L.X. and X.Z. contributed equally to this work.
Rap1b ameliorates high glucose (HG)-induced mitochondrial dysfunction in tubular cells. However, its role and precise mechanism in diabetic nephropathy (DN) in vivo remain unclear. We hypothesize that Rap1 plays a protective role in tubular damage of DN by modulating primarily the mitochondria-derived oxidative stress. The role and precise mechanisms of Rap1b on mitochondrial dysfunction and of tubular cells in DN were examined in rats with streptozotocin (STZ)-induced diabetes that have Rap1b gene transfer using an ultrasound microbubble-mediated technique as well as in renal proximal epithelial tubular cell line (HK-2) exposed to HG ambiance.
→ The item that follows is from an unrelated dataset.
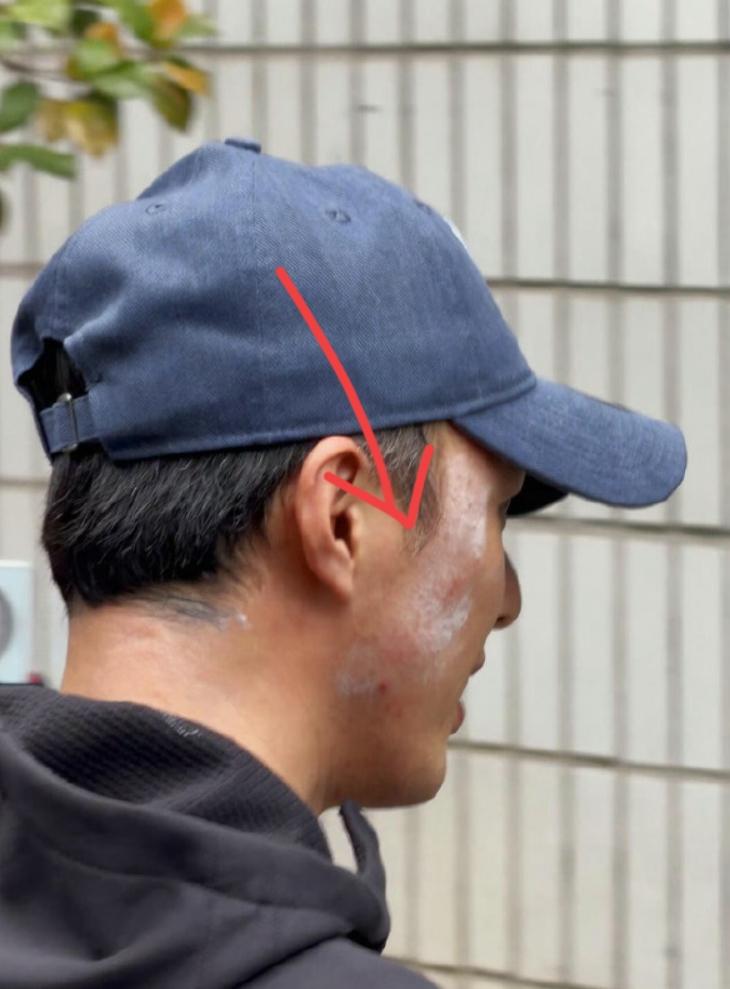 叶祖新也太拼了，

古装头套撕伤脸

其实这罪真没必要遭

好好一个帅小伙，整张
The results showed that Rap1b expression decreased significantly in tubules of renal biopsies from patients with DN. Overexpression of a constitutively active Rap1b G12V notably ameliorated renal tubular mitochondrial dysfunction, oxidative stress, and apoptosis in the kidneys of STZ-induced rats, which was accompanied with increased expression of transcription factor C/EBP-β and PGC-1α. Furthermore, Rap1b G12V also decreased phosphorylation of Drp-1, a key mitochondrial fission protein, while boosting the expression of genes related to mitochondrial biogenesis and antioxidants in HK-2 cells induced by HG. These effects were imitated by transfection with C/EBP-β or PGC-1α short interfering RNA. In addition, Rap1b could modulate C/EBP-β binding to the endogenous PGC-1α promoter and the interaction between PGC-1α and catalase or mitochondrial superoxide dismutase, indicating that Rap1b ameliorates tubular injury and slows the progression of DN by modulation of mitochondrial dysfunction via C/EBP-β–PGC-1α signaling.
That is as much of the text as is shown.